Let me understand correctly. The vile, toxic, scumbag lawyer is saying, the energy needed to take my 4000 lbs car 100 miles at 65 mph is coming from my house electric outlet. You are going to need a bigger generating plant.
Fucking lawyer dumbass. From conception to recycling electric vehicles are an unmitigated ecological catastrophe and a massive crime against humanity. That crime includes suborning child slavery.
Not yours. Yours runs on gas.
Hmm, trying to find an airline with a "Green" jet, seems they all burn Climate-Changing Jet Fuel
Google is your friend: https://www.airbus.com/en/innovation/zero-emission/electric-flight
Did you bother to read the article you linked to? Still hype and vaporware. A few non-production test platforms. And all still ultimately powered from a fossil-fuel dependent electricity grid.
The Federals do whatever they want, no one will stop them.
Remember what I said about the utilitarian analysis of the war in Ukraine.
The most abundant greenhouse gas is water vapor. Drafting a law the defines ghs and leaving H2O out is folly. Without water vapor the earth would be 59 degrees F cooler.
RE: "The most abundant greenhouse gas is water vapor. Drafting a law the defines ghs and leaving H2O out is folly. Without water vapor the earth would be 59 degrees F cooler."

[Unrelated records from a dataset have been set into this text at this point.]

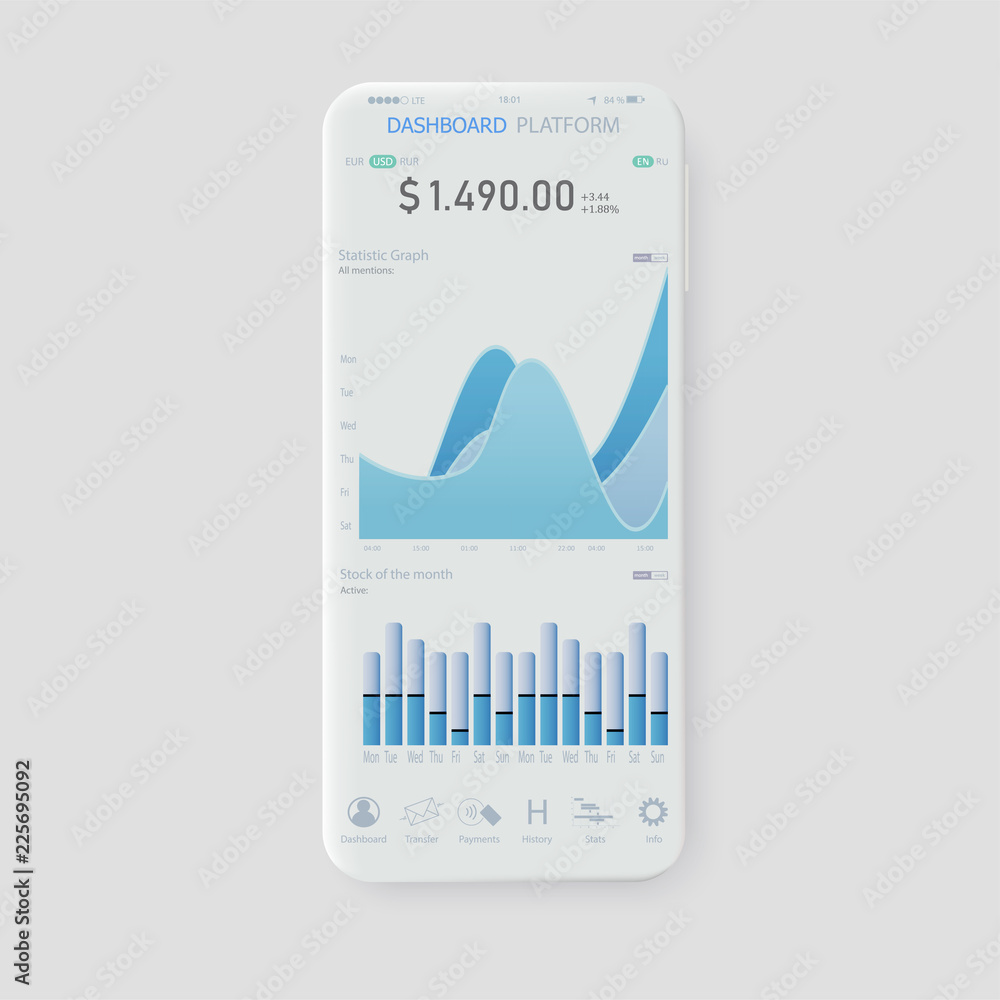 Leinwandbilder clean mobile ui design concept. trendy mobile banking. cryptocurrency technology. bitcoin exchange. 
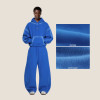 Custom Heavyweight Organic Cotton Boxy Hoodies and Sweatpants Sets Fleece Custom Spray Print Tracksuits Sets Unisex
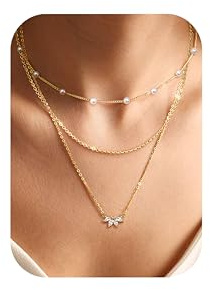Chriscoco 3er-Set Halskette mit Anhänger - Wasserfest, 14K vergoldet, Perlenkette mit CZ Herz & Kreuz, Damen Schmuck in Gold mit Schmuckschatulle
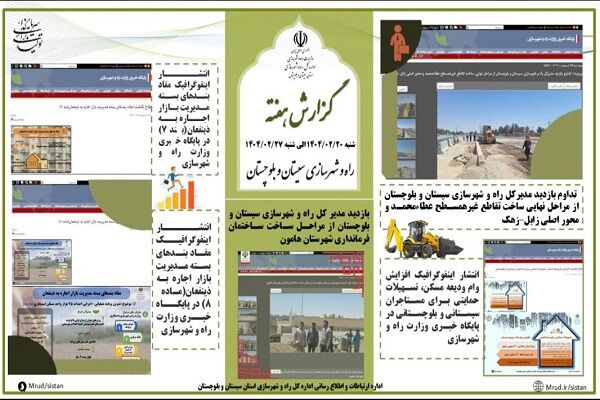 ببینید|بولتن هفتگی اداره کل راه و شهرسازی استان سیستان و بلوچستان هفته چهارم اردیبهشت ماه ۱۴۰۴ (۳)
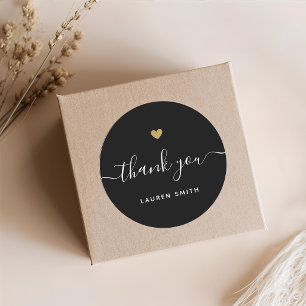 Modern Gold Heart Personalisiert Danke Black Runder Aufkleber
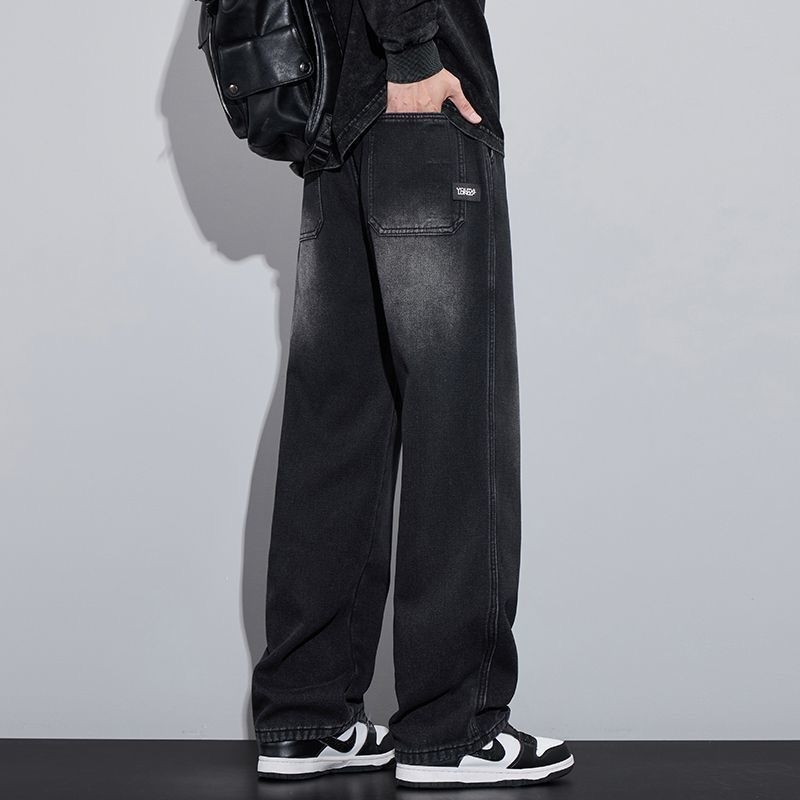 Jeanși pentru adolescenți băieți, iarnă, căptușeală din fleece, croială dreaptă, talie medie, fermoar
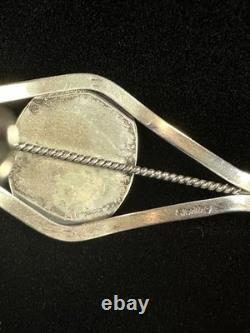 Navajo Vintage Sterling Silver And Jasper Stone Bracelet- Euc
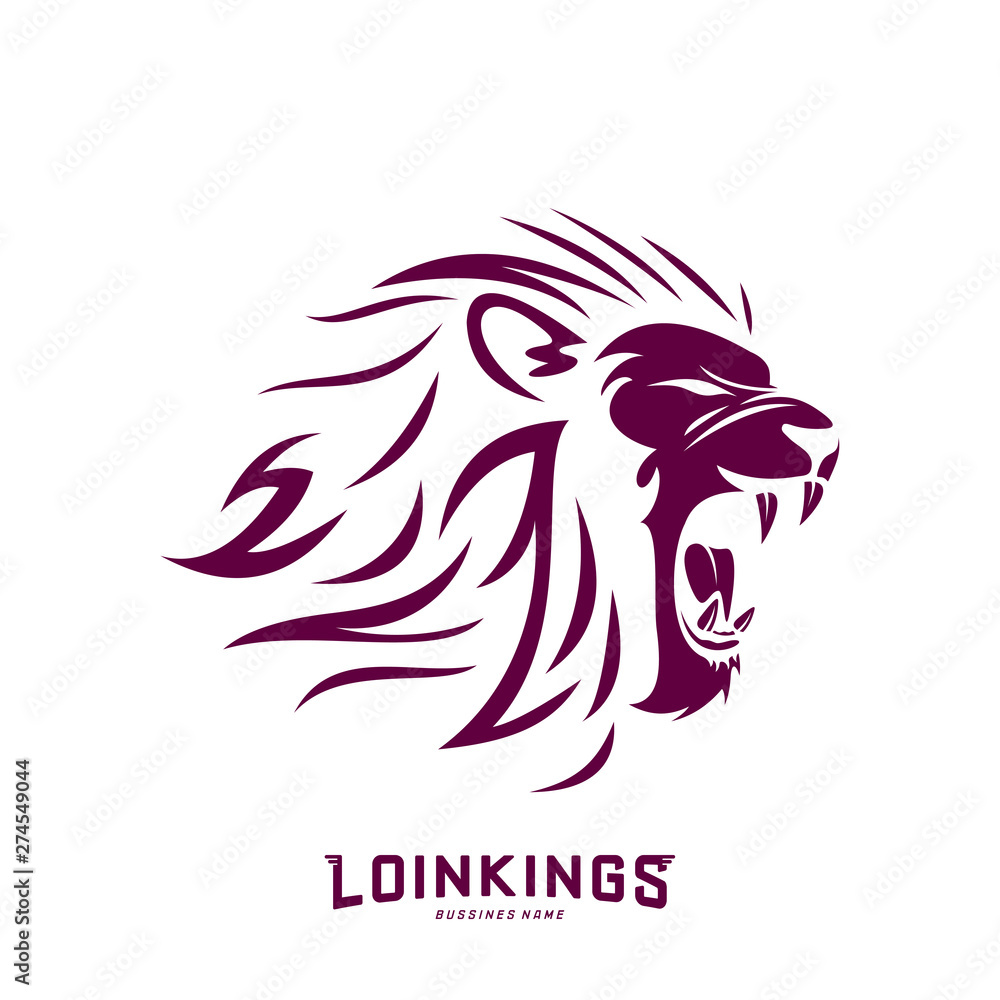 Lion Head Logo Design Vector. Silhouette of Lion. Vector illustration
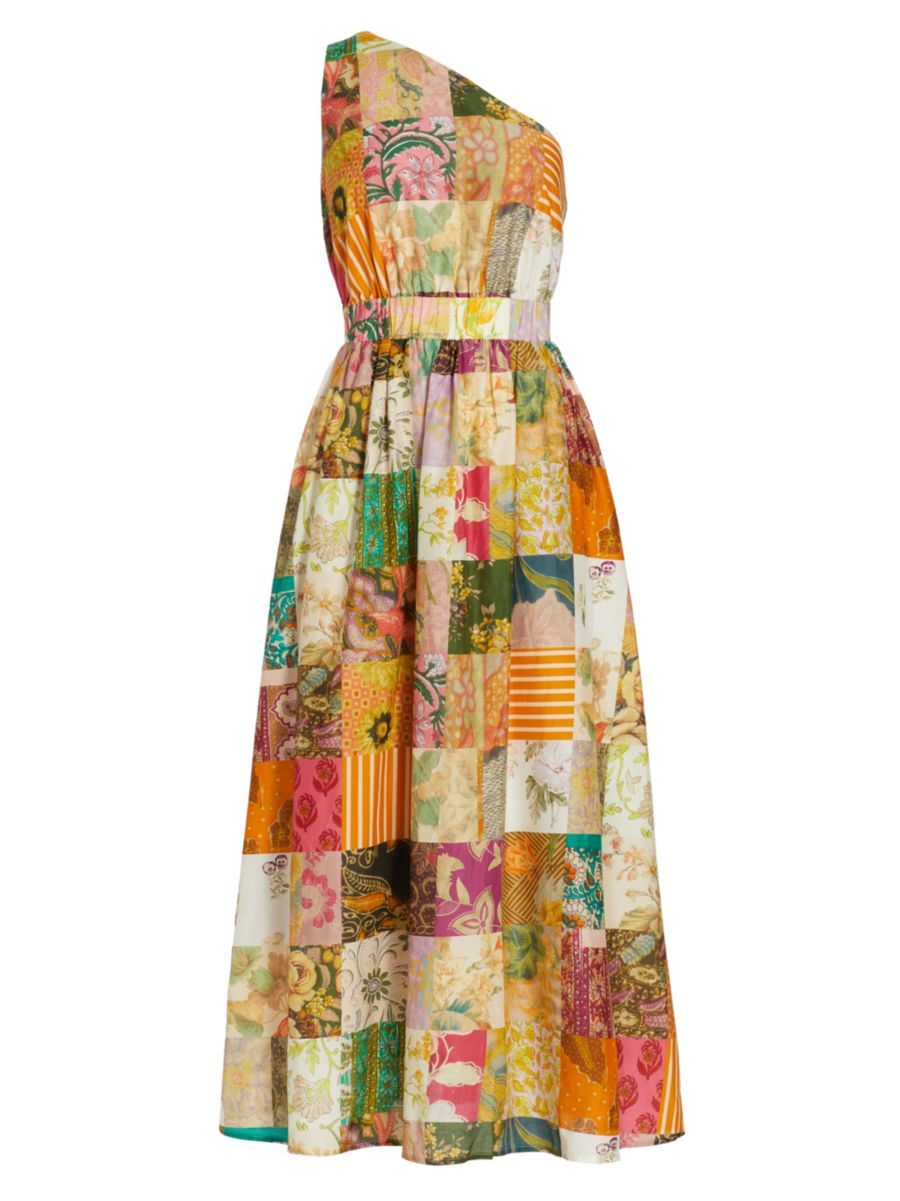 Hattie Asymmetric Patchwork Dress | Saks Fifth Avenue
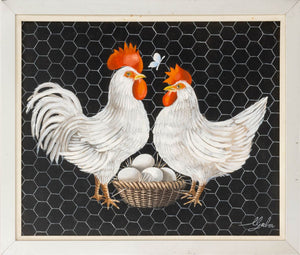 20th Century Chickens and Eggs Oil on Canvas
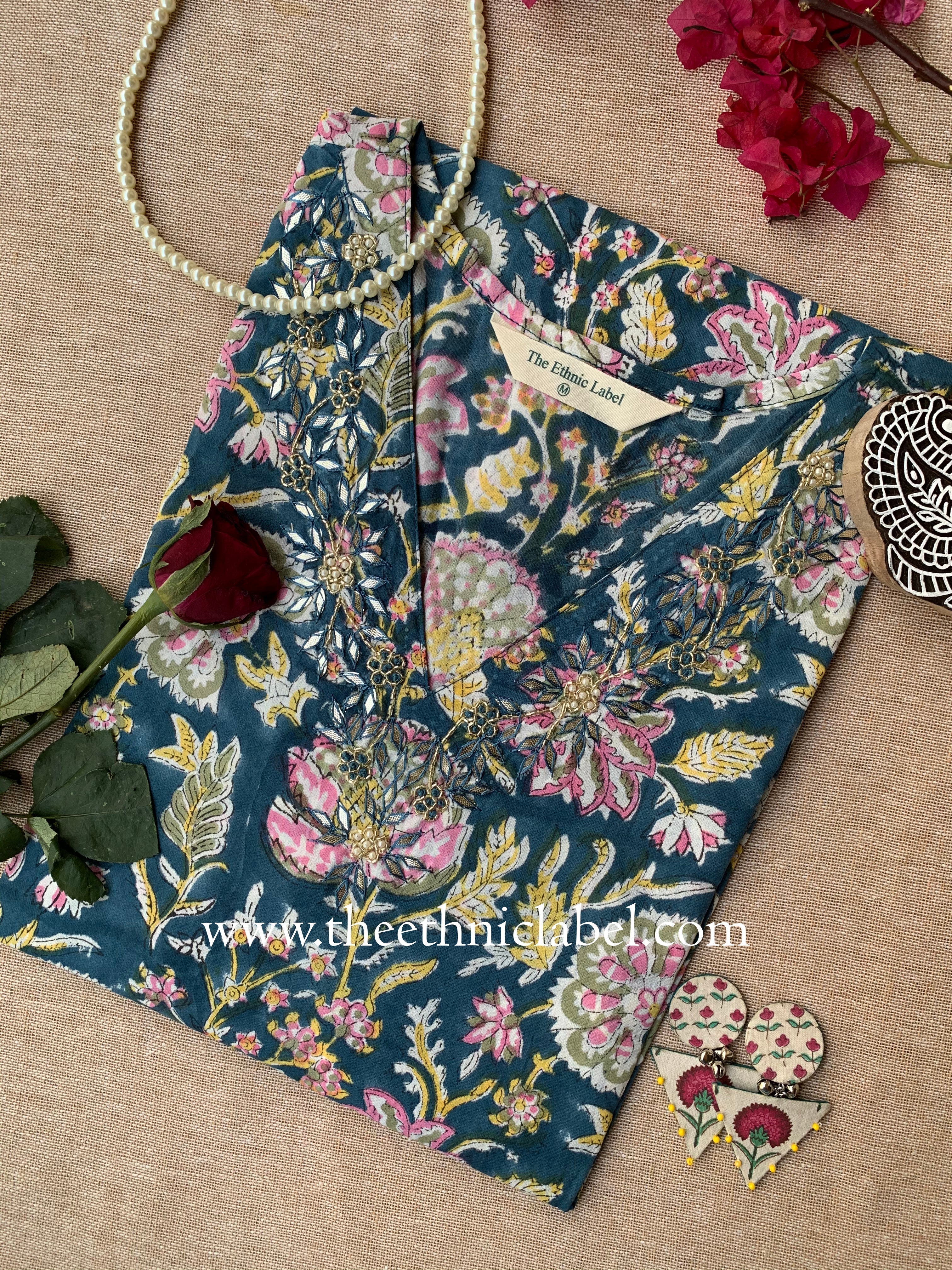 "Juhi" Hand Embroidered Block Printed Cotton kurta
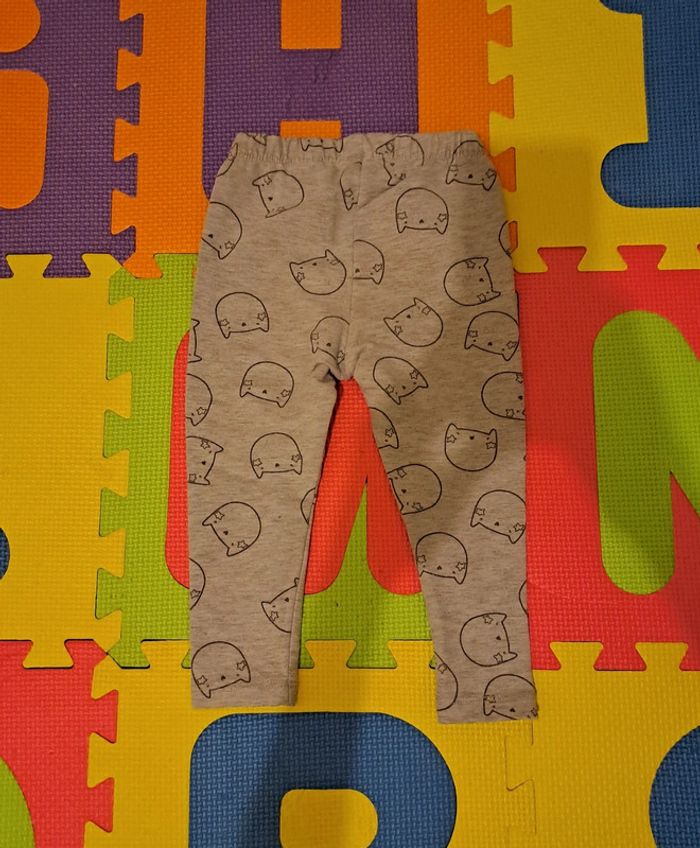 Legging gris chat, lefties, taille 12/18 mois (82 cm) - photo numéro 2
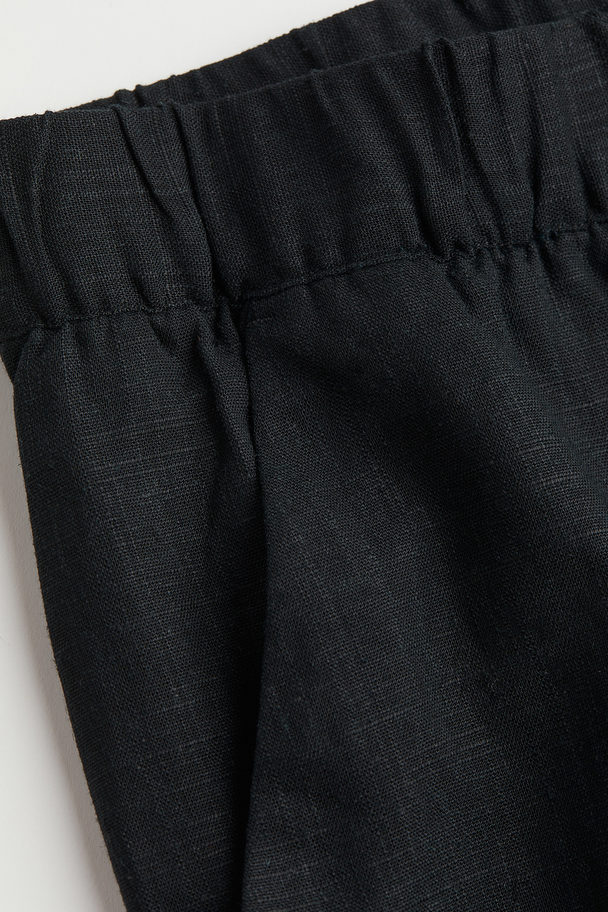 H&M H&m+ Wide Linen-blend Shorts Black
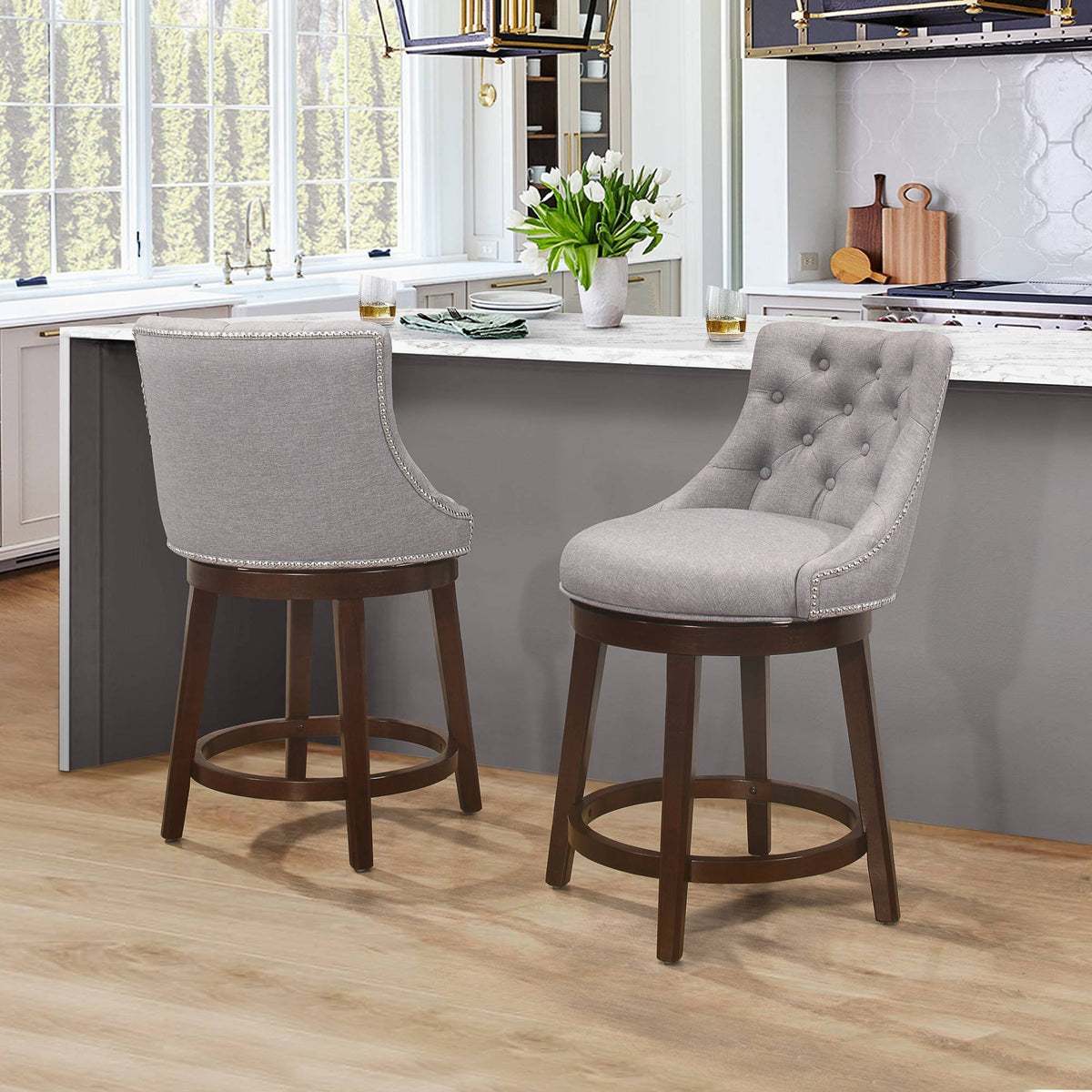 Gray Fabric Swivel Counter Height Stool M1736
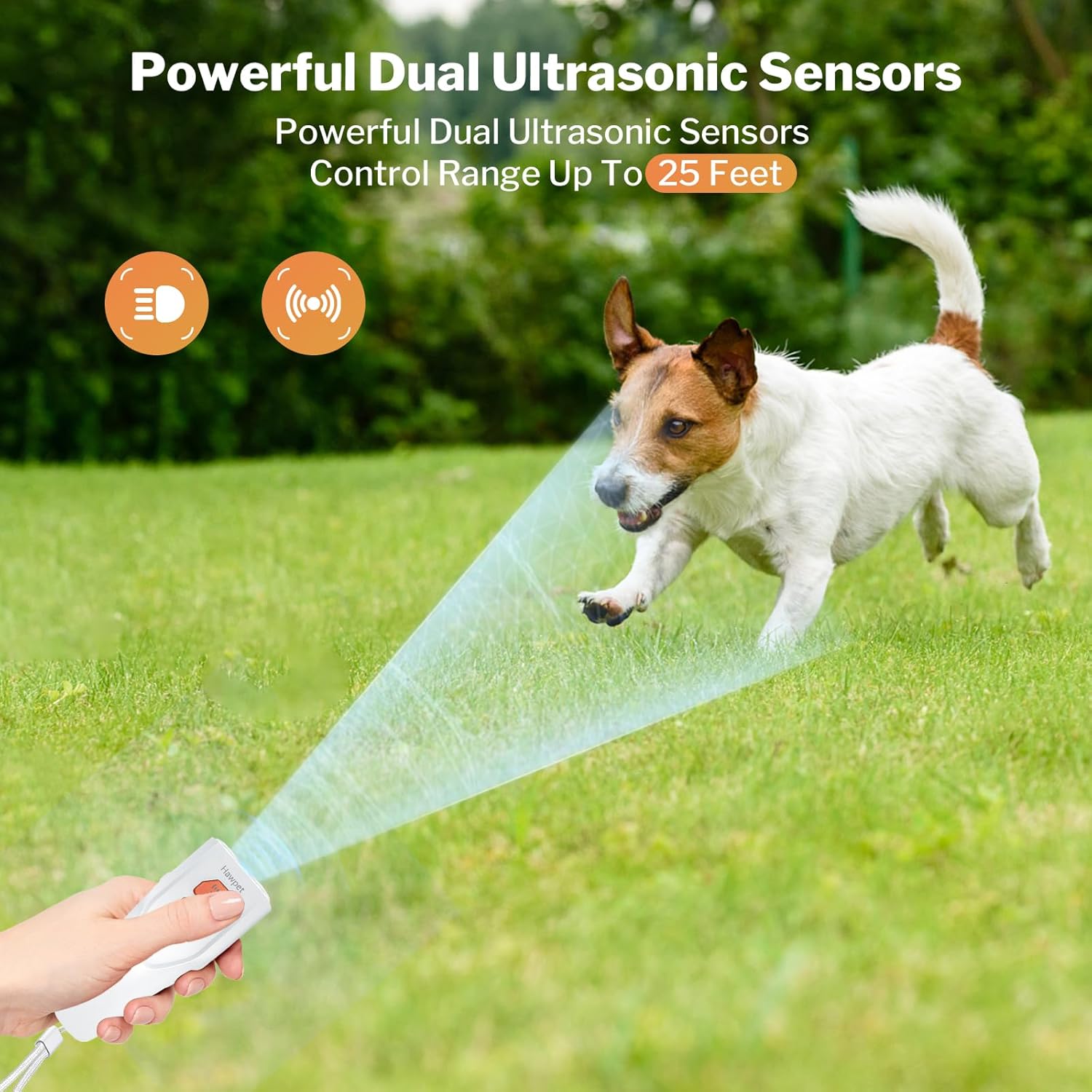 Ultrasonic Dog Bark Deterrent Devices - Hawpet Barks No More Dog Training device, Alternative Anti Bark Device for Dogs, Rechargeable Dual Barking Silencer use for Indoor & Outdoor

It's not quite that simple, I'm afraid. As it turns out, not all greenhouse gases are the same. Different ones absorb heat-radiation (infra-red radiation) of different wavelengths. (You do know that electromagnetic radiation, including visible light and infra-red (radiated heat) is a wave, and has a wavelength, like any other wave - you don't need me to explain that to you, do you? Well, I'll assume you do, even though your post indicates you might not. If you don't, you might be able to cash in on your ignorance by suing your high-school physics department.) Yes, water vapor blocks a lot of infra-red, but it allows infrared in a certain wavelength-range to pass. So long as the infra-red radiation (radiated heat) whose wavelength is part of the allowed frequency-range (the "wavelength window"), the water vapor doesn't stop it from getting out. Our ability to radiate heat out of the atmosphere into outer space (which is how we get rid of atmospheric heat) depends on keeping the "wavelength window" of water vapor unblocked. And by unfortunate coincidence, CO2 has an absorption peak right where it blocks the wavelength window. So the heat-radiation (infra-red radiation) which WAS able to get out through the water vapor and away from us, is blocked by CO2; also by methane and all the worrisome greenhouse gases mentioned in the law.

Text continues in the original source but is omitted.